Circular dichroism (CD) analysis was performed to confirm that the O-acyl isopeptide unit disturbed triple helix formation, but the amide form peptide can form the triple helix. C2-ester and C2-amide were dissolved in 0.05% (v/v) TFA(aq) and then annealed at 4 °C overnight after heating at 95 °C. The CD spectra at 4 °C were measured (Figure 2A). Both C2-ester and C2-amide showed a maximum signal at around 225 nm and a minimum signal at around 200 nm, indicating the polyproline-II-like secondary structure. The signals of C2-ester were smaller than those of C2-amide, indicating that C2-amide had higher helicity. In addition, the signal at 225 nm was monitored with increasing temperature (Figure 2B). The signal cooperatively decreased at around 30 °C for C2-ester and around 70 °C for C2-amide, and C2-ester showed a more gradual decreasing signal. The cooperative decrease in the signal at 225 nm is a typical property of the collagen-like triple helix, strongly suggesting that both C2-ester and C2-amide formed the triple helix [29].
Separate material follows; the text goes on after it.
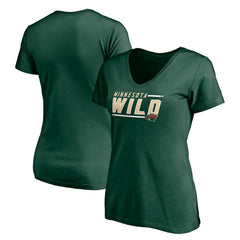 Minnesota Wild Women's Mascot In Bounds V-Neck T-Shirt - Green - NHL 200274542
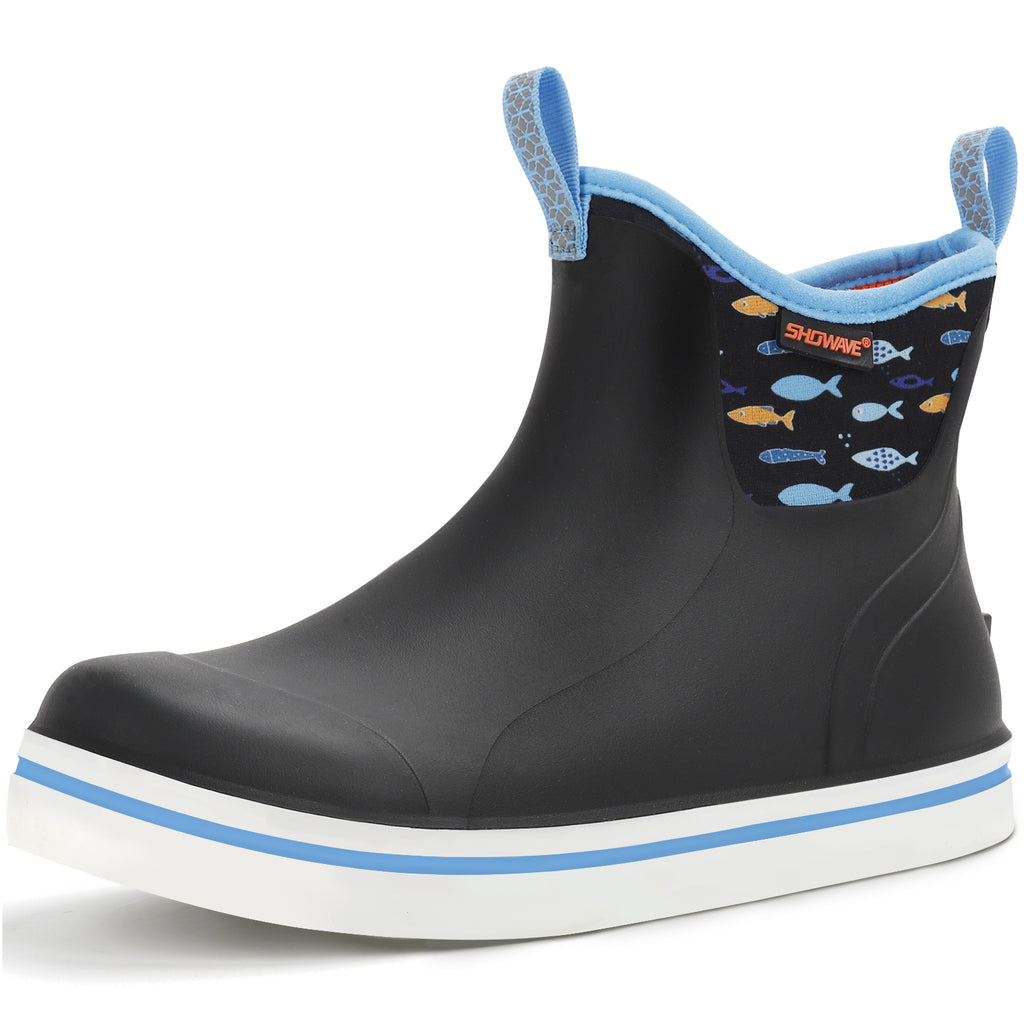 Showave Kids Ankle Rain Boots - Waterproof Lightweight Rubber Mud Booties for Boys & Girls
The results also suggested that although C2-ester contained triple-helical population, the triple helix was disturbed and destabilized by the O-acyl isopeptide unit interrupting the continuous Xaa-Yaa-Gly sequence. In addition, the signal at 225 nm more gradually decreased with increasing temperature for C2-ester than for C2-amide, suggesting that the triple-helical population of C2-ester was more heterogeneous.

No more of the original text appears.